Belfast Telegraph

DUP's Ian Paisley backs RHI owners' bid to block payment cuts

Ian Paisley
Ian Paisley
Ian Paisley
Secretary of State Karen Bradley
Mark Edwards

By Mark Edwards

A DUP MP has said proposed tariff cuts to the Renewable Heat Incentive are "grossly unfair" and pledged to lobby the UK Government on behalf of participants in Northern Ireland.

Ian Paisley's comments come after the Department for the Economy (DfE) proposed severe tariff cuts for boilers operating under the botched green energy scheme.

The cash-for-ash scandal brought down Stormont in January 2017 due to the DUP's handling of RHI, where costs spun out of control due to overly generous tariffs.

The Renewable Heat Association Northern Ireland (RHANI) yesterday served an injunction on Secretary of State Karen Bradley in a bid to stop her fast-tracking legislation in Parliament tomorrow to reduce the tariffs.

The legislation is necessary to cut tariffs to ensure the continuation of the scheme while capping costs.

It is understood RHANI has been invited to a meeting with senior officials in the Secretary of State's office. It has requested that senior officials from the lending banks should also attended.

The proposed new tariffs for the most common type of boiler on the scheme would drop from around £13,000 to £2,000 a year, leading to fears it could put many farmers out of business.

Mr Paisley said many RHI owners feel that they have been "taken advantage of".

"I certainly believe that the current regime as outlined and the current proposals in Parliament are grossly unfair," he added.

"The Government has a responsibility to listen carefully to the points that are being made.

"They (RHANI) are perfectly entitled to take legal action and that would affect what Parliament does in the interim, so I can understand why they are taking that action.

"My view is that these proposals to cut the tariffs have been bounced on them and bounced on everyone. The cut is incredibly severe, not in line with what has happened in the Republic of Ireland or in the rest of the UK.
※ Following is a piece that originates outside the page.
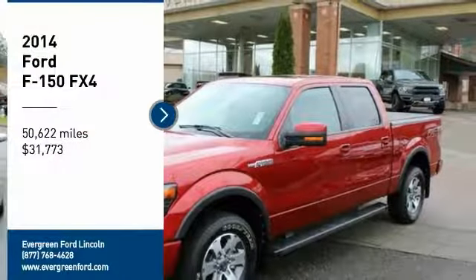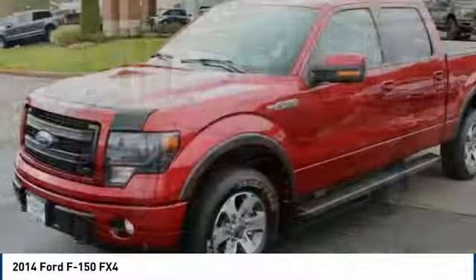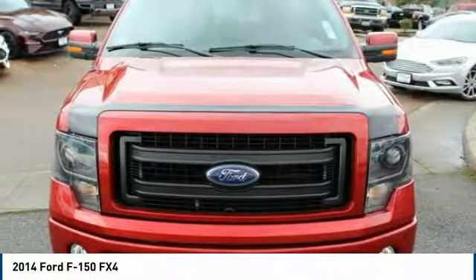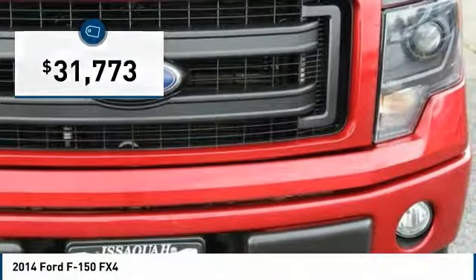Stop by and take a look at the 2014 F-150. A Ford F-150 knows how to handle any situation. It's built to follow orders, no whining, and is priced below $35,000.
"Why should Northern Ireland people, because of the history of RHI, be treated differently from how the RHI works elsewhere?"

He said the DUP had a series of meetings with officials yesterday and will have further meetings today in advance of the Government bringing forward the legislation.

He added: "We will continue to make the case for what is fair treatment of RHI users. These are genuine users, people who have followed all of the guidelines, did everything by the book and are now being punished and punished wrongfully."

The Ulster Farmers' Union met with DfE last week to raise concerns that proposed tariff cuts could "decimate" businesses and cause "permanent damage" to the farming sector.

Users in the Republic and Britain receive around £20,000 per boiler each year, whereas the proposed plans for here will see RHI users receive just £2,000.

Local poultry producer Tom Forgrave said yesterday the cuts would be ruinous for many businesses who joined the scheme in good faith.

He wrote: "When the proposed tariffs come into effect in April 2019, the RHI payments in Northern Ireland will be slashed to £2,000 per year, but all our current running costs and bank repayments remain the same.

"The fact that the Renewable Heat scheme has become so interwoven with our overall business means that our entire business is now in jeopardy and facing ruin."

RHI led to the resignation of then Deputy First Minister Martin McGuinness when it became clear the scheme exposed the taxpayer to a huge overspend of £460 milloin by paying out more in subsidies than it cost to buy fuel.

Sinn Fein had called for the resignation of then First Minister Arlene Foster, who was the Enterprise Minister who signed off on the disastrous scheme in 2012.

The scandal led to a public inquiry, which is expected to publish its report later this year.